How much of this isn’t in jest? Have we truly become what much of the rest of the world sees us as: Gangster America?
Round up the usual suspects
Anthony Ferrari was first identified in print as a suspect four years ago, in August of 2001. The basic facts in the Boulis murder have been known to investigators since that time.
The FBI’s interest in Claude Pepper’s family associations with illegal gambling in South Florida go back six decades. They were writing memos about it in 1937.
With a history that long, and that hidden... the discovery of assorted political murders is not exactly a “stop the presses!” moment.
Especially coming so soon after George W Bush took power, Boulis’ very visible murder would have raised concerns that it might signal a big shake-up in the gambling industry hierarchy.
Details of the “deep politics” behind an industry as important and lucrative as unregulated gambling are of keen interest to anyone who wants to understand how power works in America.
This must be why they are being doled out like flu shots in the middle of a pandemic. They are obviously considered highly-sensitive... need to know sensitive, even.
Imagine that.
Could this be an answer of sorts to one of the biggest mysteries in the case: why have police waited so long to charge people for the crime?
Investigators strongly suspected that Boulis’ cold-blooded murder was related to the dead man’s riches—and his businesses. Boulis’ most profitable business venture was SunCruz Casinos, which he had recently and reluctantly sold to a Washington DC investor group headed by Republican super-lobbyist Jack Abramoff, and “fronted” by a buddy of Abramoff’s from their College Republican days, a disbarred attorney and “businessman” named Adam Kidan.
The sale price was $147 million.
Thuggee Greatest Hits
An hour before a gunman killed Gus Boulis, a local developer and two prominent Hollywood, FL. lawyers had attempted to persuade Boulis to sell his interest in a big Hollywood waterfront hotel project.
The controversy around the sale of Boulis' SunCruz casino boat empire made Boulis too hot for the public to accept as a partner on a 20-story hotel project on city-owned beachfront land, they told him.
After almost a decade of very public wheeling and dealing, Boulis had suddenly become persona non grata.

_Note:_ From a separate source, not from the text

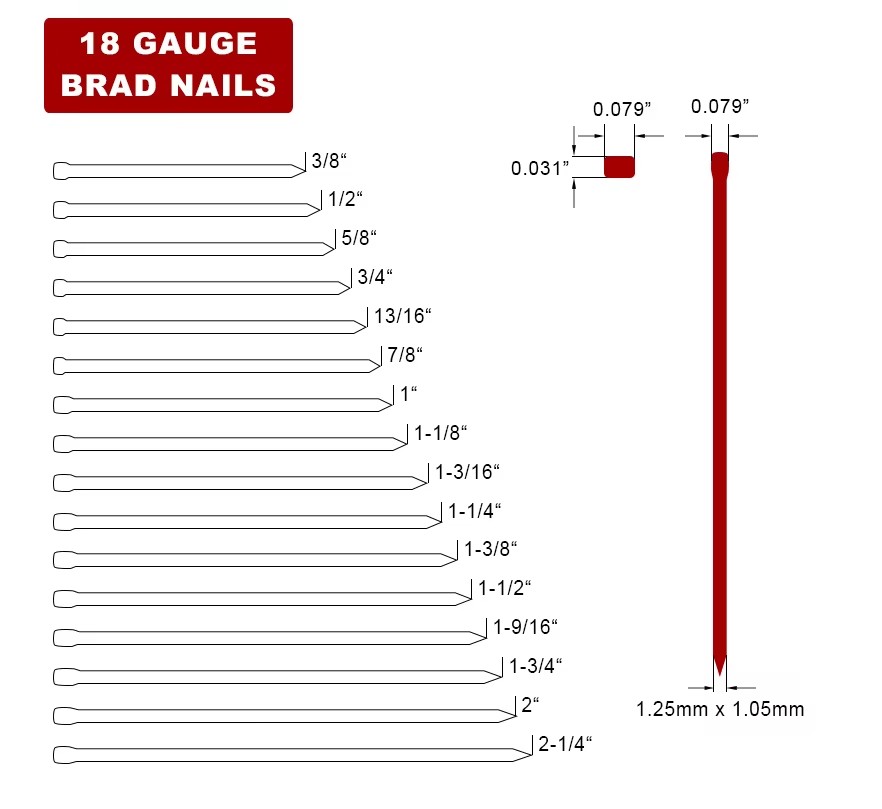 F strip staples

If you don’t recall, the Thuggees were a well-organized confederacy of professional assassins, an Indian cult sometimes described as the world's first mafia. They practiced large-scale robbery and murder of travelers between the 13th to the 19th centuries. Members were known as Thugs.
But one brutal murder does not a Republican Thuggee gang make. We needed more examples. They were, alas, almost too easily found...
There’s the gangland murder of Kidan’s own mother, for example. On Feb. 18, 1993, Kidan's mother, Judy Shemtov, 46, was shot in the head and killed after answering the door of their posh Richmond Hill home. The motive of that slaying was a mystery until Chris Paciello, Miami Beach's leading club impresario and sometime boyfriend of Madonna, pleaded guilty to a racketeering charge and turned government informant.
Paciello testified that he was the getaway driver for a crew from the Bonanno crime family who went to the house to rob Kidan's stepfather of $200,000 they had heard he kept in a safe in the house.
When Shemtov answered the door, two young men wearing baseball caps and jeans entered the foyer of her Queens home, said her husband, Kidan’s step-father. One of the crew accidentally shot her.
“A bullet tore through Judy's left cheek. Her small body flew into the air and slammed backward into the foyer, then dropped to the floor. Blood splattered all over,” wrote the tabloid New York Daily News on April 14, 2002, under a headline reading “RISE AND FALL OF A PLAYBOY MOBSTER.”
GoodFellas in action
Calandra looked at Tommy Reynolds. "Let's make this one to go," he said, borrowing the line from his favorite movie "Goodfellas."
The two men fled. Here’s a truly horrible thought: Kidan is suspected by some of being responsible for his own mother’s death, by telling the robbery crew, who knew, where they kept the cash.
Boulis’s murder cast a pall of fear over the people who knew him, said the local paper, the Sun-Sentinel. What they meant was...people are afraid to talk.
At his company, Atlantia staffers remained silent, referring calls to a public relations agency. Even police were having difficulty getting some people to talk.
”There are a lot of people who aren't talking for reasons of personal safety," said Fort Lauderdale Police Detective Mike Reed.
Here’s one you may have heard about: “Boulis was murdered in the exact same way as Don Aronow, Bush’s other partner,” he stated. Bush’s other partner?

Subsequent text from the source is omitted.